# Description of the task:
Only the lines containing "Shirt" should appear in the answer, copied from the listing below.
━━━━
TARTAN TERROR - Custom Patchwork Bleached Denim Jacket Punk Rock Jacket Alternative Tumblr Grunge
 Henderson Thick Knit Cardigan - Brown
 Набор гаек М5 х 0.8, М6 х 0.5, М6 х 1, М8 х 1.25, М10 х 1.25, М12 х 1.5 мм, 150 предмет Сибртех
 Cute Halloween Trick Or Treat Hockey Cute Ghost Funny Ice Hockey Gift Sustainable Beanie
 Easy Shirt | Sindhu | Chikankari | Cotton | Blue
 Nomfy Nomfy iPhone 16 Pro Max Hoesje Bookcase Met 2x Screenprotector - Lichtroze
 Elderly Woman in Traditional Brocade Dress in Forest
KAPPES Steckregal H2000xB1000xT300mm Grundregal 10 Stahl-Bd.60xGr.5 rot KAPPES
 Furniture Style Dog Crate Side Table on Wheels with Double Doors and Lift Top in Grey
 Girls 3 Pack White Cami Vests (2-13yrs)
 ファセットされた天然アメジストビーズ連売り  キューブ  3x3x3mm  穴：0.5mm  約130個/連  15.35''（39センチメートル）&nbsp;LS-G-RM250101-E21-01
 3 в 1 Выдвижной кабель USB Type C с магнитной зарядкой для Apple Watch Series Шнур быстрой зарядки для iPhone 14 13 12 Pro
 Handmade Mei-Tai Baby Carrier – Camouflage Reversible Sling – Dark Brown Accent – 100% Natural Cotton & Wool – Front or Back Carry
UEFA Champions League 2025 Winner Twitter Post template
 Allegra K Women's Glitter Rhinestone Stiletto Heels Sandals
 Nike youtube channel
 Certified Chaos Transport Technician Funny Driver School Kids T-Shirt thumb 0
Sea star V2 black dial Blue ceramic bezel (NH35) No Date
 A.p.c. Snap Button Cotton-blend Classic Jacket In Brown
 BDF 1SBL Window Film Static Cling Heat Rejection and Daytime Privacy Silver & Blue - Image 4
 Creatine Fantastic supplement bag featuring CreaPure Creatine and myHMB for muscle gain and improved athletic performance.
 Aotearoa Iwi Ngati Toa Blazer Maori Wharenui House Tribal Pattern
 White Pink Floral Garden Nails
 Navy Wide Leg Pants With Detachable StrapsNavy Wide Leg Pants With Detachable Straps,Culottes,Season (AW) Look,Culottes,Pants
━━━━
# Answer to this exercise:
 Easy Shirt | Sindhu | Chikankari | Cotton | Blue
 Certified Chaos Transport Technician Funny Driver School Kids T-Shirt thumb 0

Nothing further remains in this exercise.